What you have to do ▸ Line by line, repeat the material below exactly and skip the images.

[Provided entries Boundary: Start]

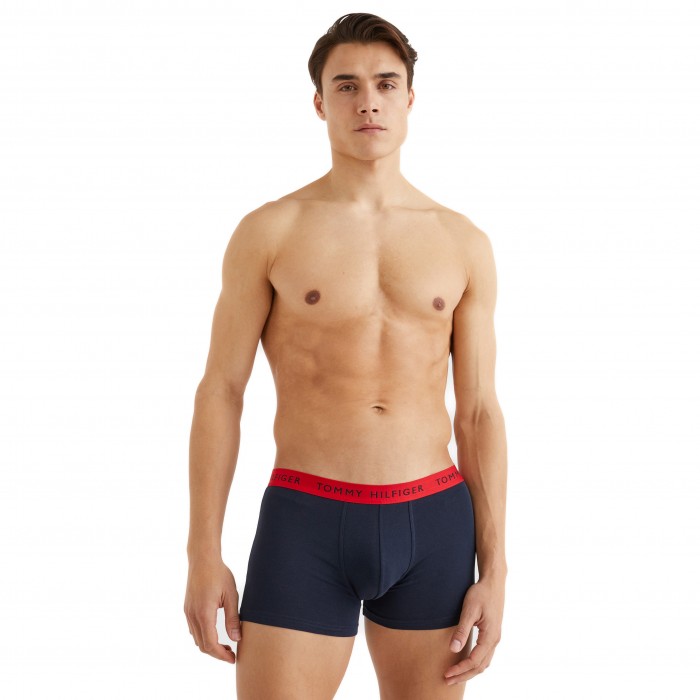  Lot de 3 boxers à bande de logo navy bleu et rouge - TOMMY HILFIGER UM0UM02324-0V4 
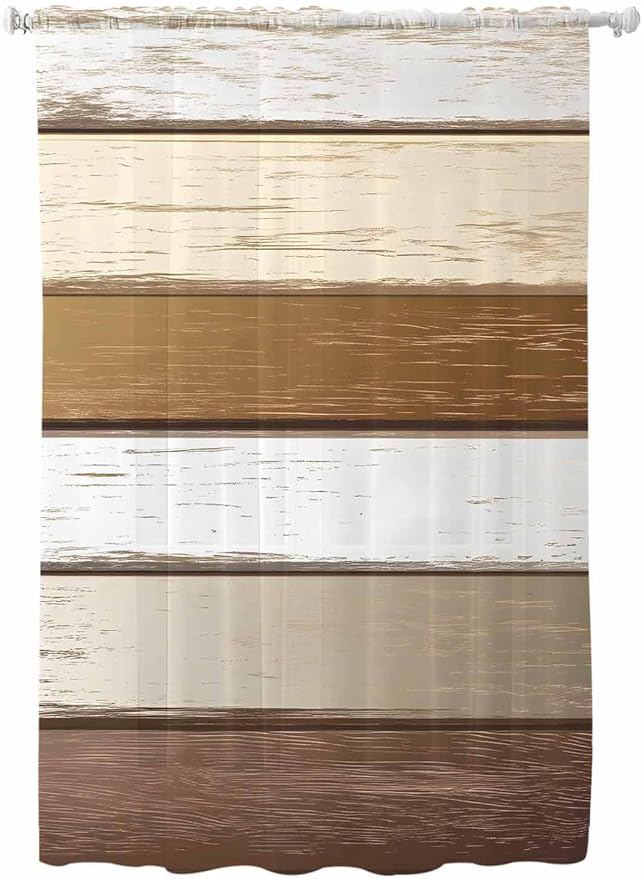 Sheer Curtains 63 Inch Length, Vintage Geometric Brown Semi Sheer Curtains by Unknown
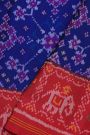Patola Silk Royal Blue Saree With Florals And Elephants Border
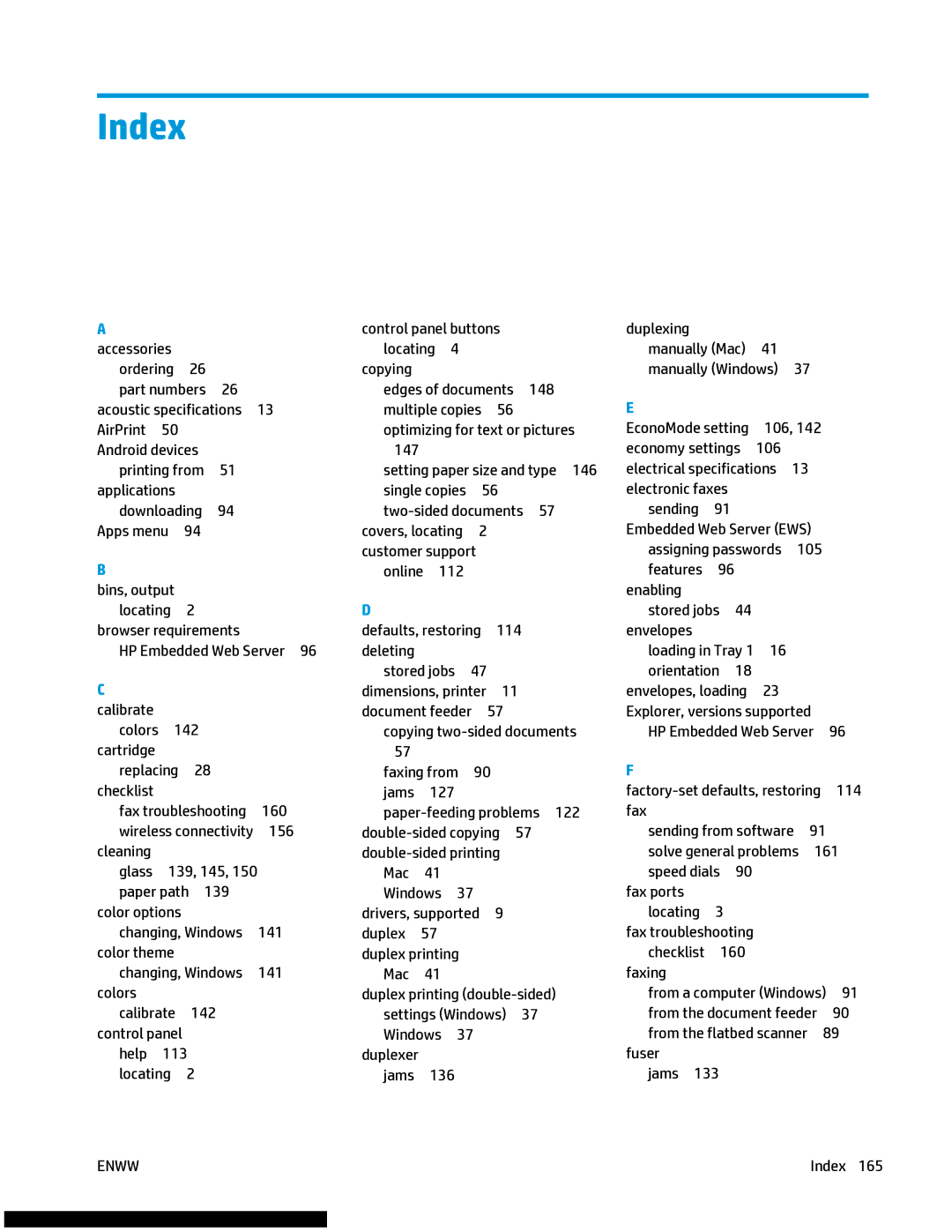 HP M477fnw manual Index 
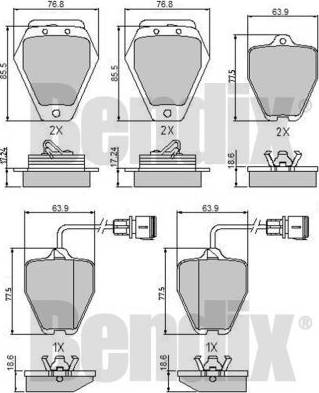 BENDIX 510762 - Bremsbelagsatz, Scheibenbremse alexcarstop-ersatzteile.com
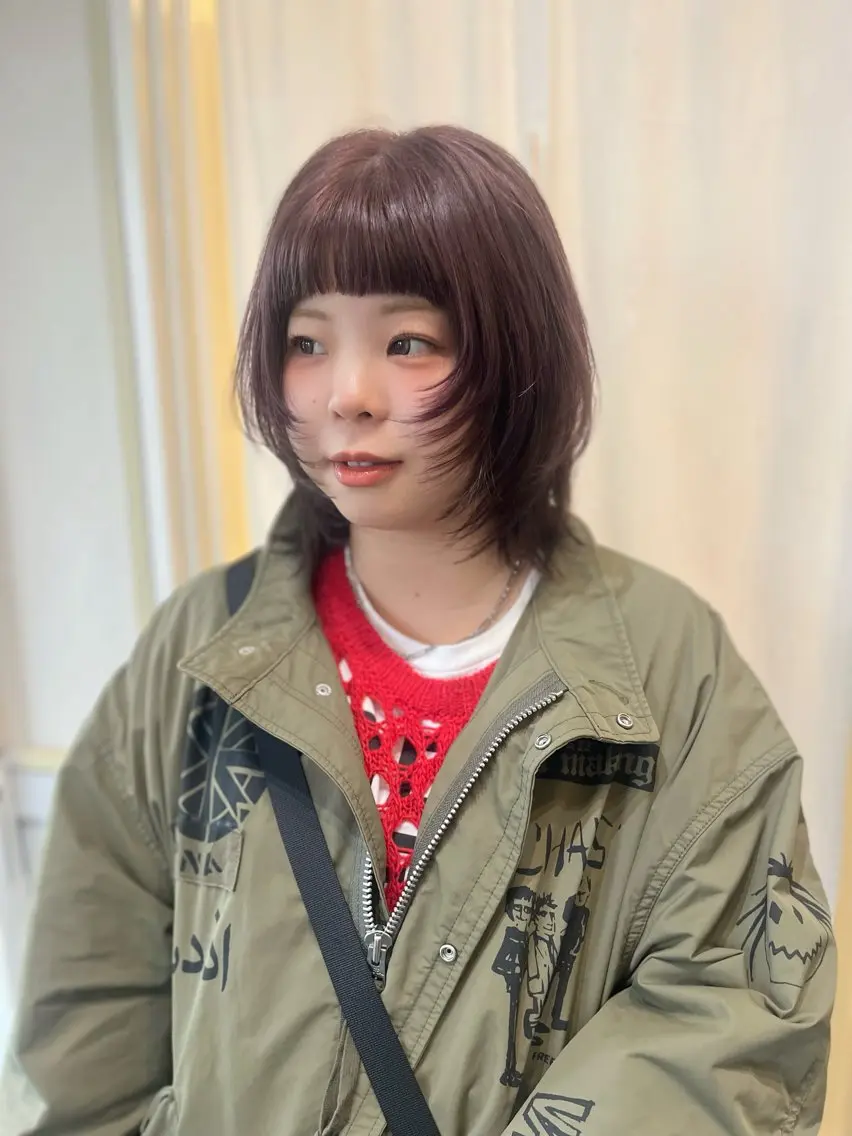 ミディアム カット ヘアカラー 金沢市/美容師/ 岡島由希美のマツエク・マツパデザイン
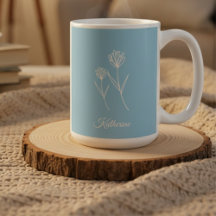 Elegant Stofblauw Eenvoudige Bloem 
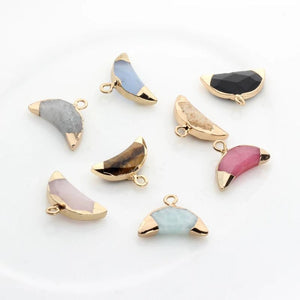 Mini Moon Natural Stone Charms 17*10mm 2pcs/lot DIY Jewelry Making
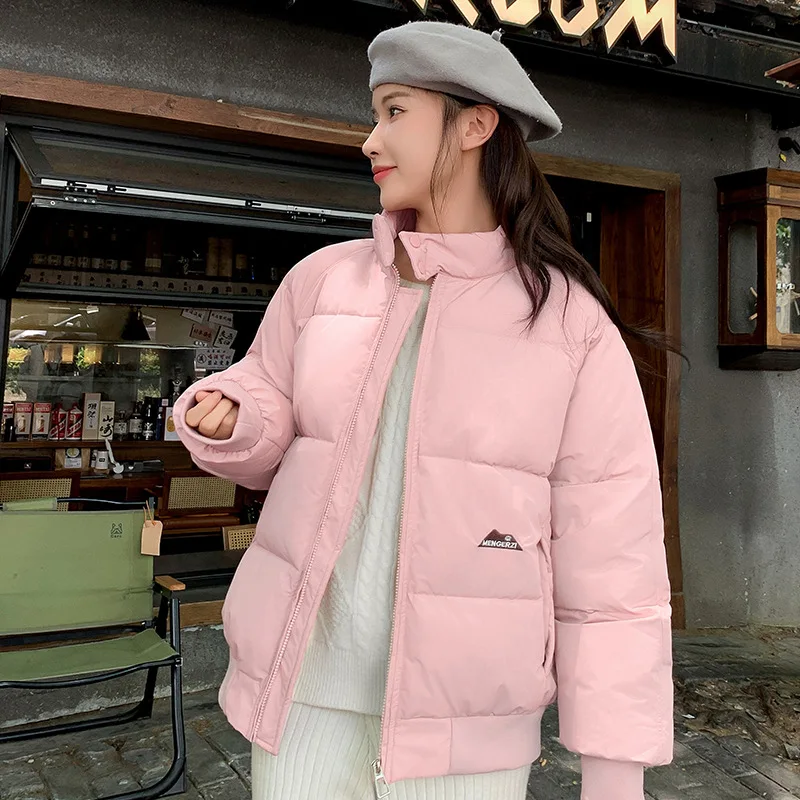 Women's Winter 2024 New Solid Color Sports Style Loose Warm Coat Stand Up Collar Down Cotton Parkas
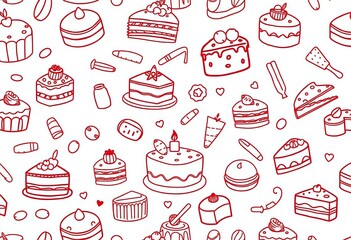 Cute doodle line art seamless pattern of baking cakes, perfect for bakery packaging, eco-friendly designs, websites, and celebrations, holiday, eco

[Provided entries Boundary: End]

Exercise output ▸
  Lot de 3 boxers à bande de logo navy bleu et rouge - TOMMY HILFIGER UM0UM02324-0V4 
 Sheer Curtains 63 Inch Length, Vintage Geometric Brown Semi Sheer Curtains by Unknown
Patola Silk Royal Blue Saree With Florals And Elephants Border
 HP M477fnw manual Index 
 BENDIX 510762 - Bremsbelagsatz, Scheibenbremse alexcarstop-ersatzteile.com
 ミディアム カット ヘアカラー 金沢市/美容師/ 岡島由希美のマツエク・マツパデザイン
 Elegant Stofblauw Eenvoudige Bloem 
 Mini Moon Natural Stone Charms 17*10mm 2pcs/lot DIY Jewelry Making
 Women's Winter 2024 New Solid Color Sports Style Loose Warm Coat Stand Up Collar Down Cotton Parkas
 Cute doodle line art seamless pattern of baking cakes, perfect for bakery packaging, eco-friendly designs, websites, and celebrations, holiday, eco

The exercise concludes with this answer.